--- Records provided ---

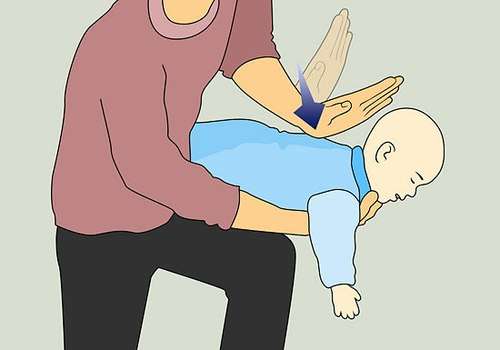 Thủ thuật xử trí khi trẻ hóc dị vật 38 xử trí trẻ hóc dị vật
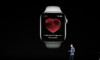 Apple Watch kalp ritim bozukluğu tespitinde başarısını kanıtladı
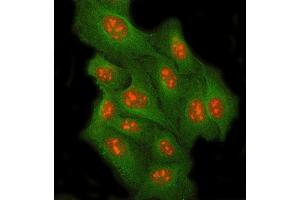 IF analysis of RRP8 and Tubulin beta using anti-RRP8 antibody (ABIN7600459) and anti-Tubulin beta antibody (ABIN7602744).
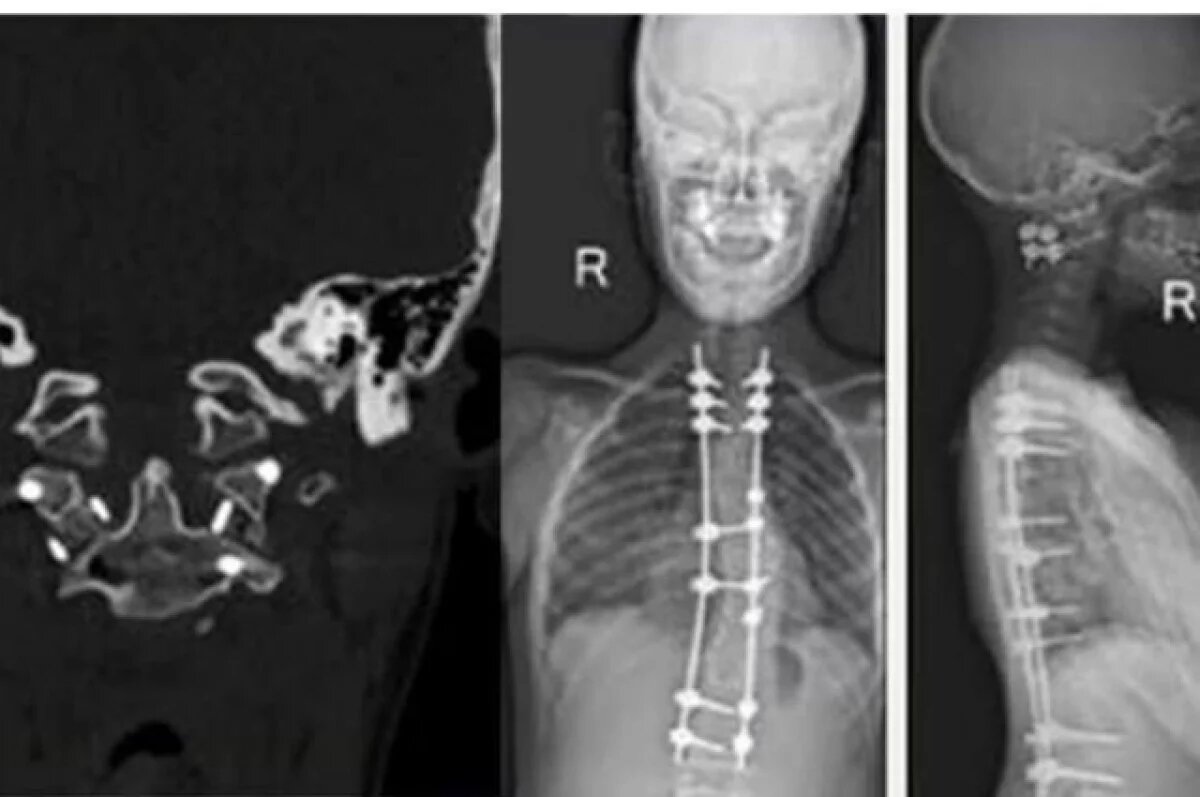    Врачи вернули возможность ходить парализованному подростку из Перми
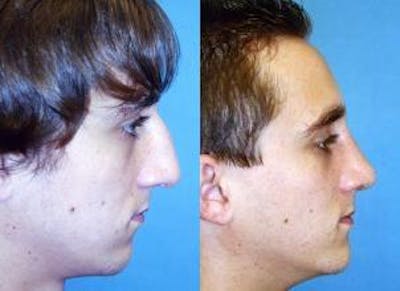 Male Rhinoplasty Before & After Gallery - Patient 122406409 - Image 1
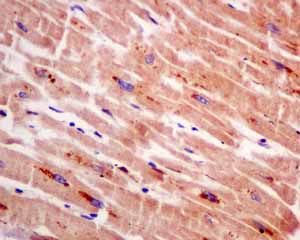 Immunohistochemistry (Formalin/PFA-fixed paraffin-embedded sections)-Anti-Guanylyl Cyclase beta 1 antibody [EPR8822](ab154841)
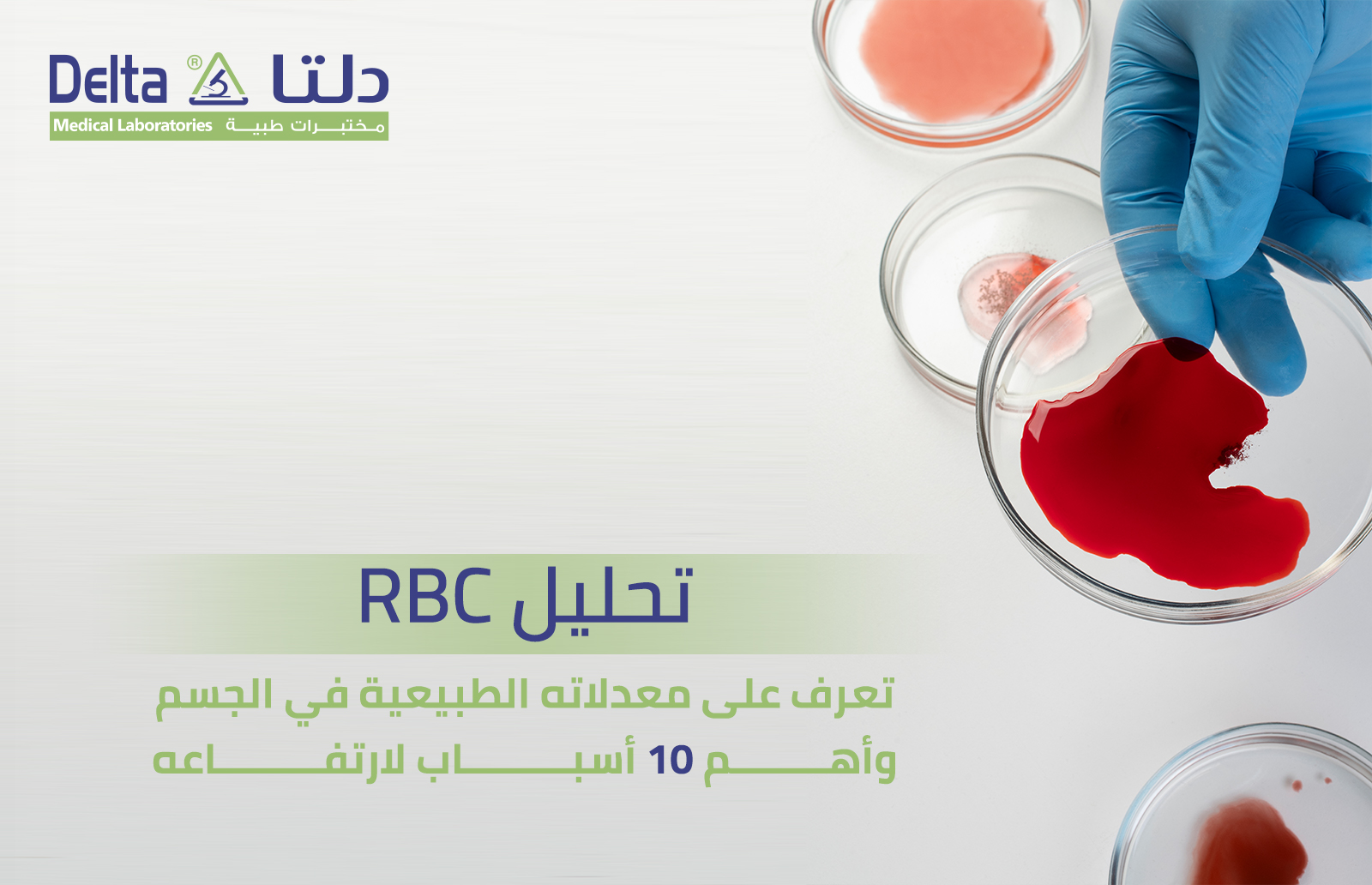 تحليل rbc تعرف على معدلاته الطبيعية في الجسم، وأهم 10 أسباب لارتفاعه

---

▶ _Task_
Print exactly the lines from the line with "Male Rhinoplasty Before" through the end of the data, both ends included, and print no pictures.

▶ _Expected answer_
 Male Rhinoplasty Before & After Gallery - Patient 122406409 - Image 1
 Immunohistochemistry (Formalin/PFA-fixed paraffin-embedded sections)-Anti-Guanylyl Cyclase beta 1 antibody [EPR8822](ab154841)
 تحليل rbc تعرف على معدلاته الطبيعية في الجسم، وأهم 10 أسباب لارتفاعه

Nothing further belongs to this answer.